De nombreuses entreprises pensent avoir besoin de plus de leads alors qu'en réalité elles perdent la continuité entre le moment où une opportunité se présente et le moment où quelqu'un décide quoi en faire. Le lead arrive via un formulaire, un appel, WhatsApp, une recommandation ou un email. Quelqu'un répond. Des informations sont demandées. Peut-être qu'un budget est préparé. Puis apparaissent des silences, des tâches sans responsabilité et des suivis qui vivent dans la mémoire d'une personne.

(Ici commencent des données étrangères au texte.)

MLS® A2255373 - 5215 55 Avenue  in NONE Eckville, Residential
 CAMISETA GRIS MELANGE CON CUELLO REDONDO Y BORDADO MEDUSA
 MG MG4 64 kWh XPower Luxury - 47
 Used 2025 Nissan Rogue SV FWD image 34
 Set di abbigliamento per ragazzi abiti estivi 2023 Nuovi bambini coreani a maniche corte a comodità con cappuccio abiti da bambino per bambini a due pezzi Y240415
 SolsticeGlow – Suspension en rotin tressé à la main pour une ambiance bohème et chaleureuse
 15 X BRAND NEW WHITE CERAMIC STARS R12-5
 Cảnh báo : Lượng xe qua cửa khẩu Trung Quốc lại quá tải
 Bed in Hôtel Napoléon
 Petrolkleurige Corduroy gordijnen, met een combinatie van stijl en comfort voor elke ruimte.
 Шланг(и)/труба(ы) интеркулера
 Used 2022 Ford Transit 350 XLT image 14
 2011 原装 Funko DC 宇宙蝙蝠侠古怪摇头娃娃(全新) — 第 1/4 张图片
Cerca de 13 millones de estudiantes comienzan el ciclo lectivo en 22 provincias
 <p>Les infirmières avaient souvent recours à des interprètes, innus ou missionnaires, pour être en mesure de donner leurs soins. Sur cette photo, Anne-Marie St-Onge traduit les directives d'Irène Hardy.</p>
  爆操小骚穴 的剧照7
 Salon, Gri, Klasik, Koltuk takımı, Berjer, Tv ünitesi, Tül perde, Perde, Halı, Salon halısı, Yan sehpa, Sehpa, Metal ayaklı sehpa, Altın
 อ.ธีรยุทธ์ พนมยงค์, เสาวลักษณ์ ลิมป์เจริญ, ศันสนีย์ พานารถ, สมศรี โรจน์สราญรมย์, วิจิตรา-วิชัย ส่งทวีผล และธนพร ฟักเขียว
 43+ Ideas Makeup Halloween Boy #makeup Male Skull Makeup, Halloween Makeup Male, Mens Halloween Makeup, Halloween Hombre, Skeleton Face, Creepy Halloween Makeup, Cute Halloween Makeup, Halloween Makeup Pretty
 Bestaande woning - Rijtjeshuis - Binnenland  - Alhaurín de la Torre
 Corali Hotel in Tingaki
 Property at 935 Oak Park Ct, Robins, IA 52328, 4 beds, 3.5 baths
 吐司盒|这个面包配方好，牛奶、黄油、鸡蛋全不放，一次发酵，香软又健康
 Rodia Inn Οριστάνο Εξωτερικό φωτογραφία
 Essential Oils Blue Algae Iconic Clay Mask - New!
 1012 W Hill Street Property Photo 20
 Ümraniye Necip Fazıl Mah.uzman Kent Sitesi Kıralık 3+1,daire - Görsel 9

L’achat d’un CRM à lui seul ne résout pas ce problème. Un CRM enregistre les informations. Le système commercial est l'ensemble de règles qui déterminent la signification de chaque statut, qui est responsable, quel événement force l'action, combien de temps une opportunité peut attendre, ce qui est automatisé et comment il est détecté que quelque chose s'est arrêté.

1. Commencez par mesurer là où la continuité est perdue

Avant de changer d’outil, reconstruisez un échantillon d’opportunités récentes. Ne vous contentez pas de demander combien ont été gagnés. Demandez ce qui s'est passé entre les étapes. Pour chaque opportunité, identifiez l'origine, la date d'entrée, la première réponse, la prochaine action convenue, la personne responsable, les changements de statut, la proposition, le dernier contact et le résultat.

Recherchez quatre types de friction : espera, quand personne n'agit ; perte de contexte, lorsque le prochain contact ne sait pas ce qui s'est passé ; ambiguïté, quand deux personnes croient que l'autre est responsable ; et travail manuel évitable, lors de la copie de données ou de la poursuite de rappels que le système pourrait gérer.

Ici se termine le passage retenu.